Firooz Ghanbarzadeh, the director of technology services and solutions at CDW-G, speculated that the companies that "have tied themselves to the traditional work setting and view IT as a necessary evil have not succeeded" at telework.
The quality of telework technology and security are no longer major concerns because of high-speed Internet access, online collaboration tools and data protection, CDW-G and other management consultants said. The big barrier in the private sector is the bottom line, Ghanbarzadeh said.
Telework programs require forward-looking leaders who can see beyond the costs to the long-term benefits, he said. "My assumption is that the innovative companies are probably the ones who are taking advantage of it. The ones who are focused on the bottom line ... are probably not the ones taking advantage of it. Creating telework is not without its investment and challenge."
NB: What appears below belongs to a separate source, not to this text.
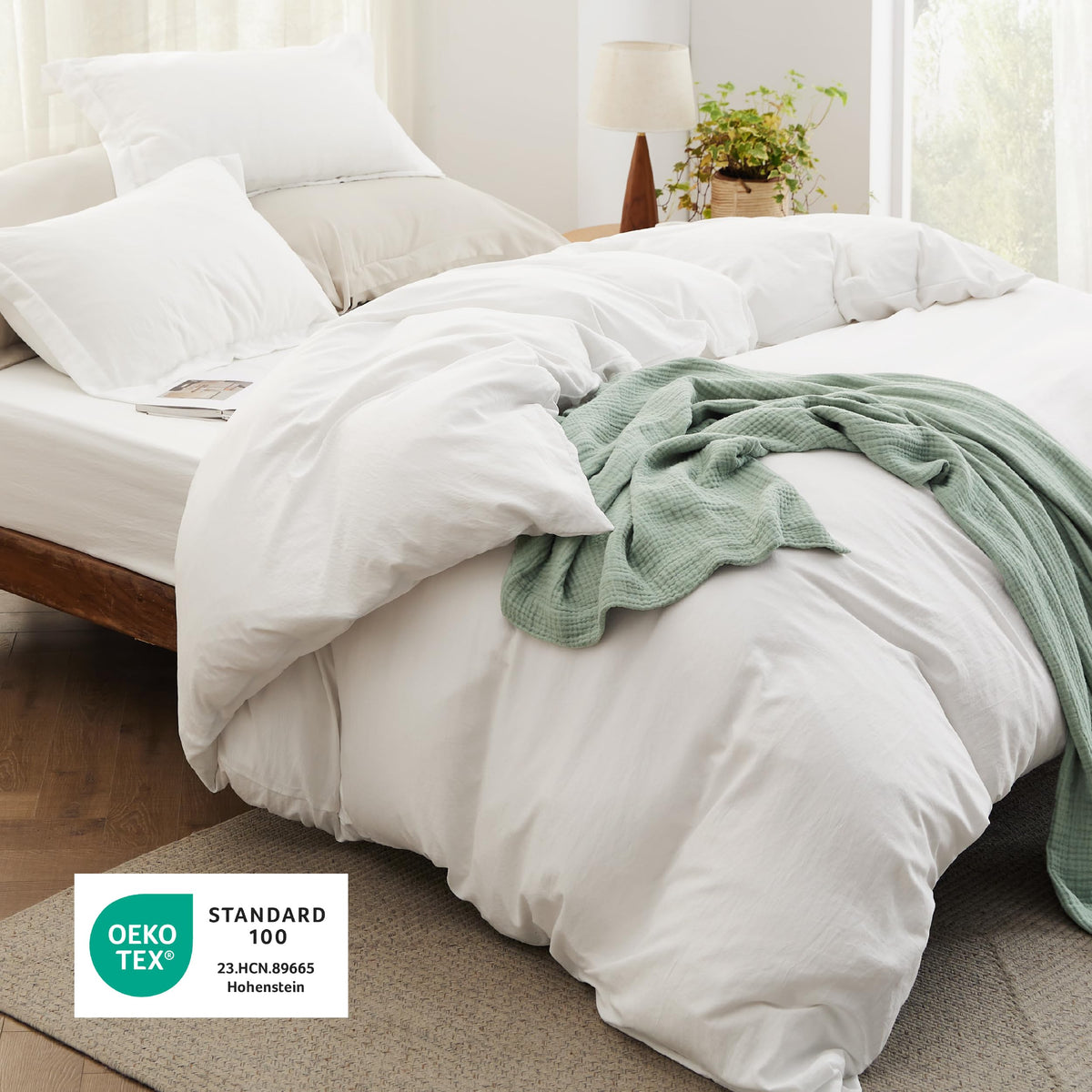 Bedsure prewashed polyester fabric offers a soft, durable feel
Jon Hughes, vice president of the technology solutions group at the program management consulting firm Robbins-Gioia, said corporate telework decisions probably hinge on company definitions of success. No single sector is particularly best or worst at implementing telework, according to Ghanbarzadeh.
Tricia Davis-Muffett, Robbins-Gioia's vice president of marketing, said it should be noted that within the government, more people are eligible to telework than are actually allowed.
Legislation requires that many federal workers be eligible to telework, and based upon job description or statute, many positions are defined on paper as having the ability to telework. But supervisors and information technology policy may bar the employees from doing so.
The CDW-G study reports that more than half of federal employees are eligible to telework, but only 44 percent actually have permission. In the private sector, the disparity is smaller: Roughly 16 percent of employees are eligible, and 15 percent also have the option.
"This gap between policy and procedure is not entirely unexpected," Ghanbarzadeh said. "Federal managers are working to comply with a legislative mandate that some do not embrace. In the private sector, managerial preference is often policy; therefore, it is much more likely that policy and procedure are in agreement."